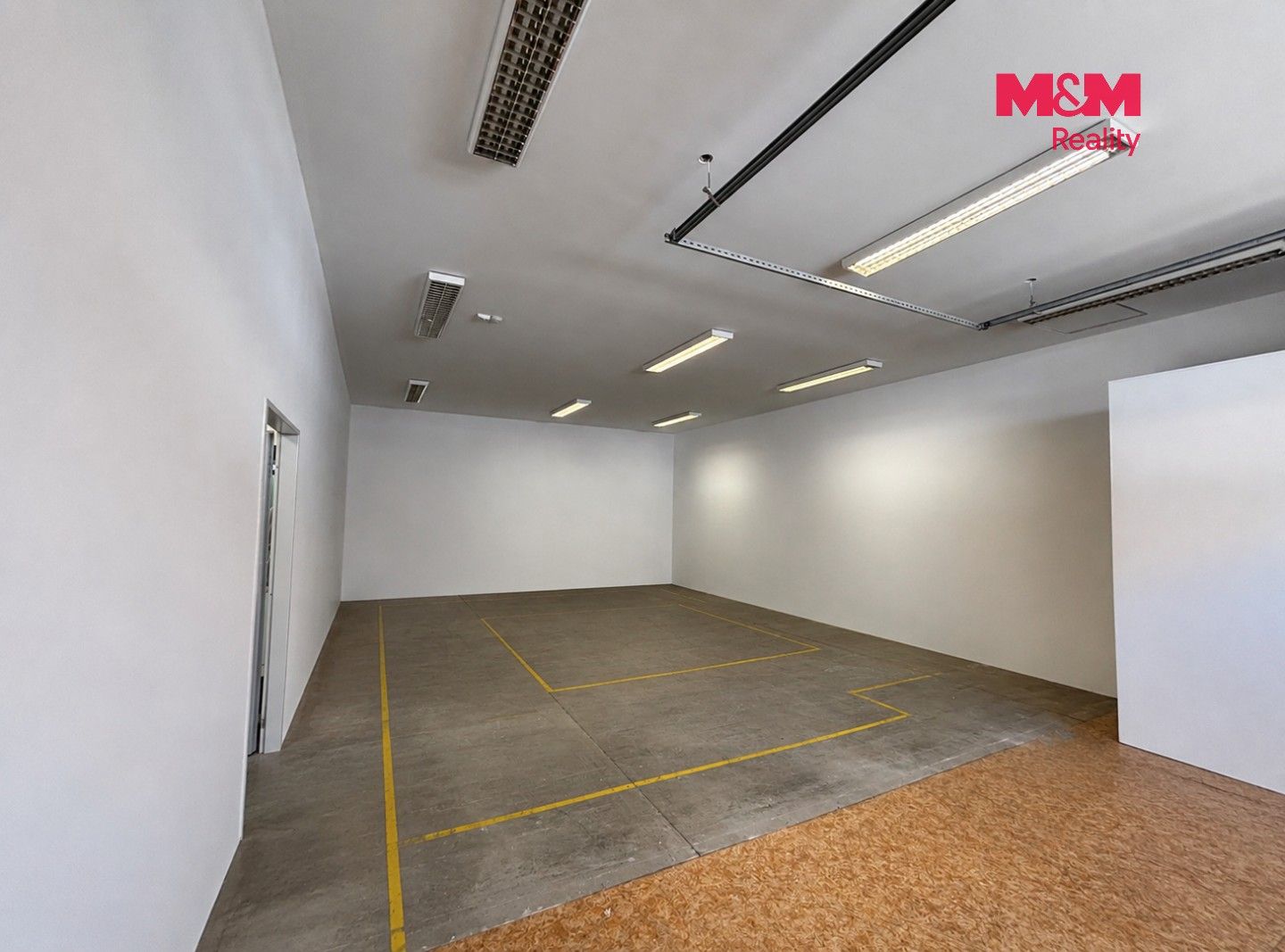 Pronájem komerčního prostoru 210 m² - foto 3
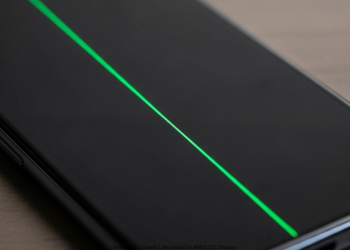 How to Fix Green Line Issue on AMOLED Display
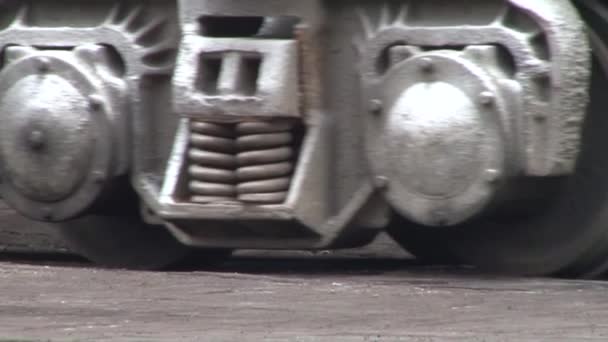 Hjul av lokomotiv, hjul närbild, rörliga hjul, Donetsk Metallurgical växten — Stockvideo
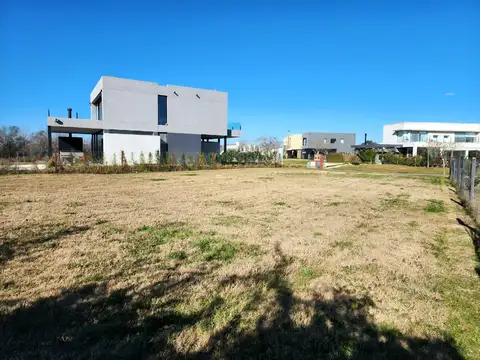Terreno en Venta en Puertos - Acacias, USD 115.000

ASSIGNED TASK: Apart from the pictures, repeat the data above exactly.

RESULT FOR THIS TASK:
 Pronájem komerčního prostoru 210 m² - foto 3
 How to Fix Green Line Issue on AMOLED Display
 Hjul av lokomotiv, hjul närbild, rörliga hjul, Donetsk Metallurgical växten — Stockvideo
Terreno en Venta en Puertos - Acacias, USD 115.000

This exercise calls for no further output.